Available data: Begin

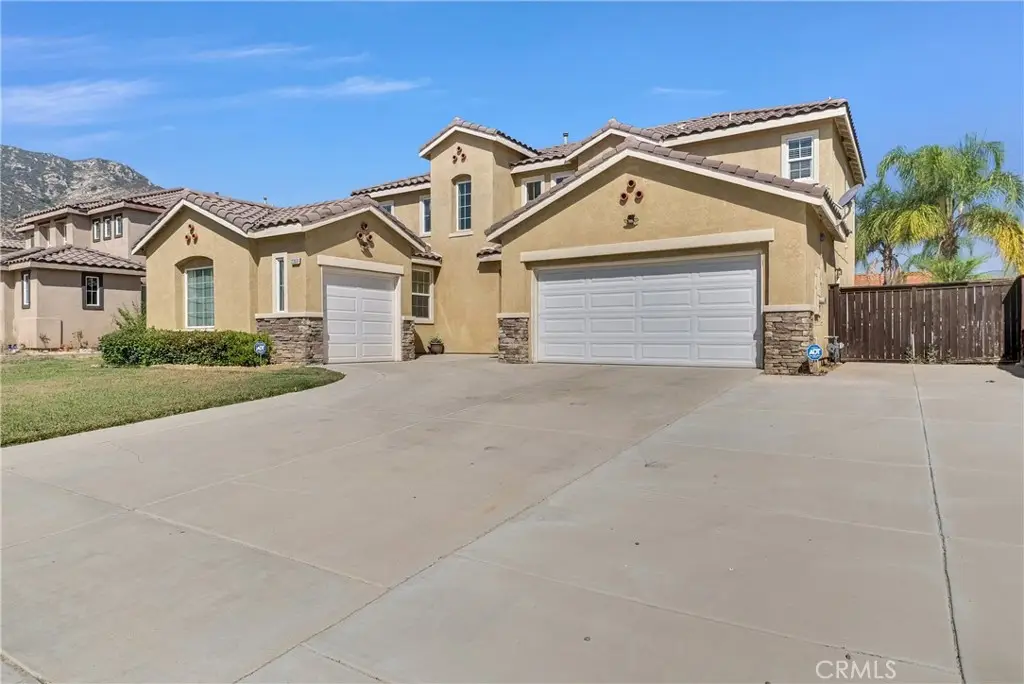 32859 Fairmont, Lake Elsinore, CA 92530 - #1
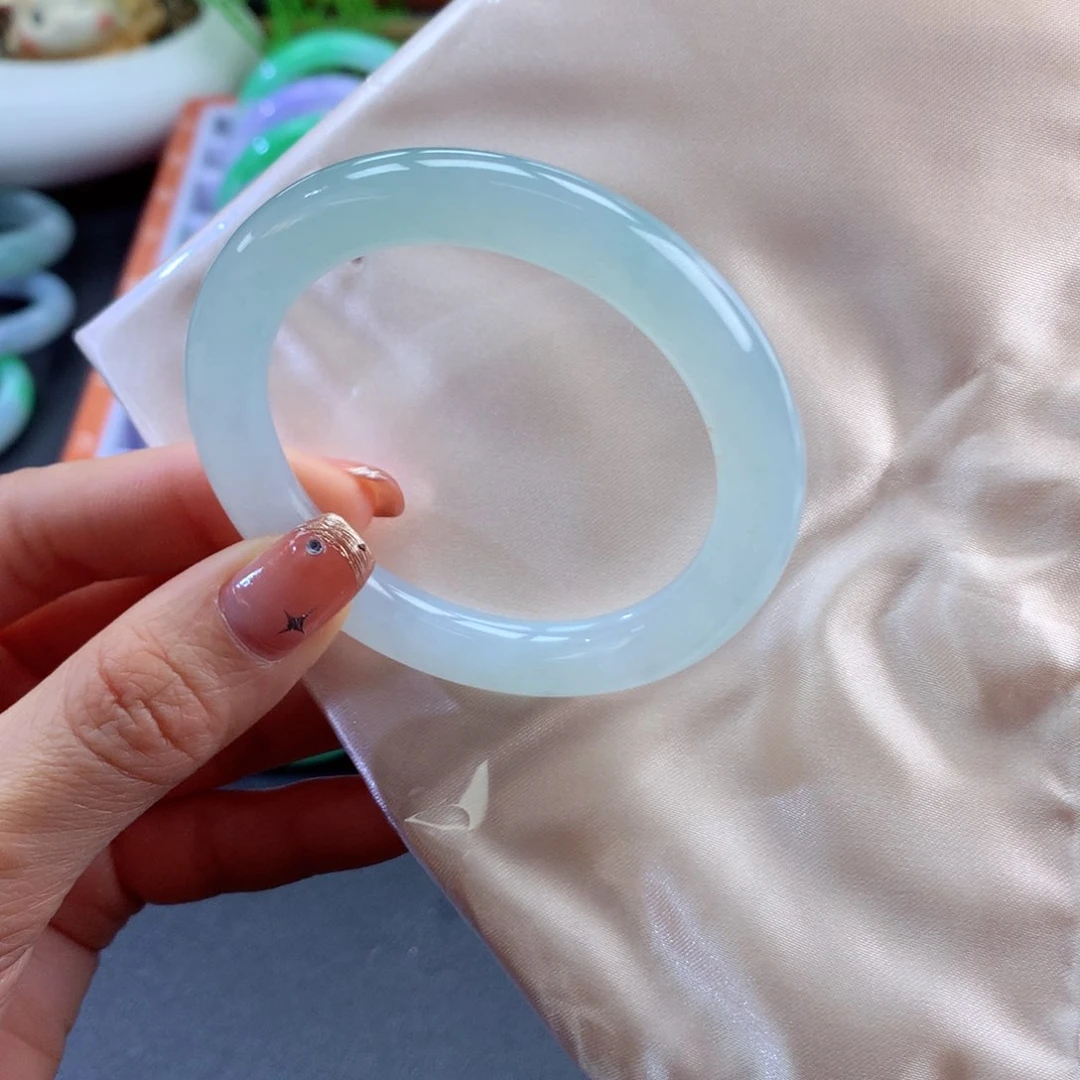 翡翠手镯未镶嵌18号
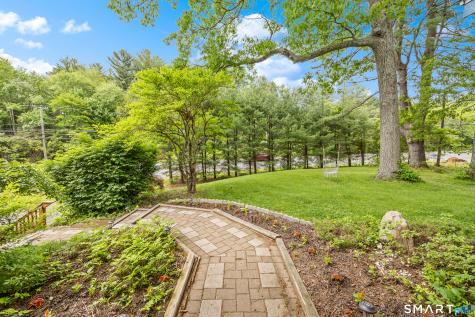 1067 Litchfield Turnpike New Hartford CT 06057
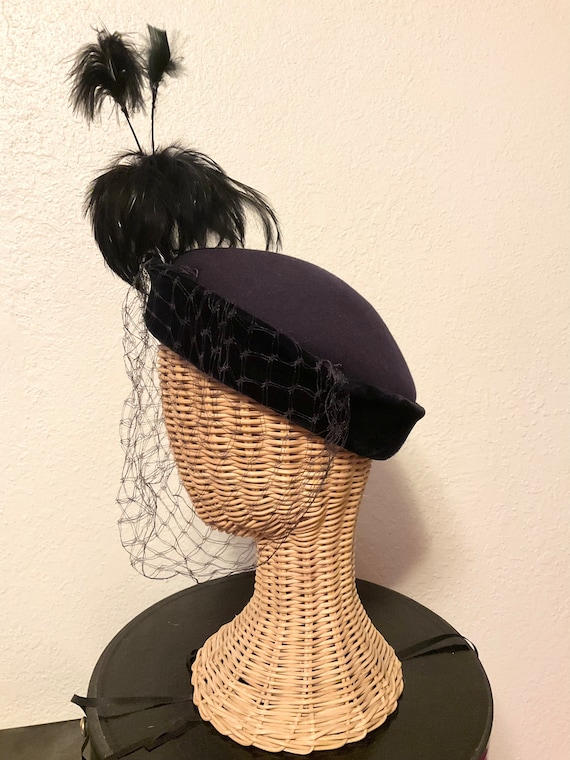 Vintage 40s Hat Navy with Feathers size 22 - image 4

Available data: End

• [Problem statement] Pictures are to be omitted from the copy, and only the lines from the one containing "1067 Litchfield Turnpike" through the final line of the listing above are to be written out exactly.

• [Answer area]
 1067 Litchfield Turnpike New Hartford CT 06057
 Vintage 40s Hat Navy with Feathers size 22 - image 4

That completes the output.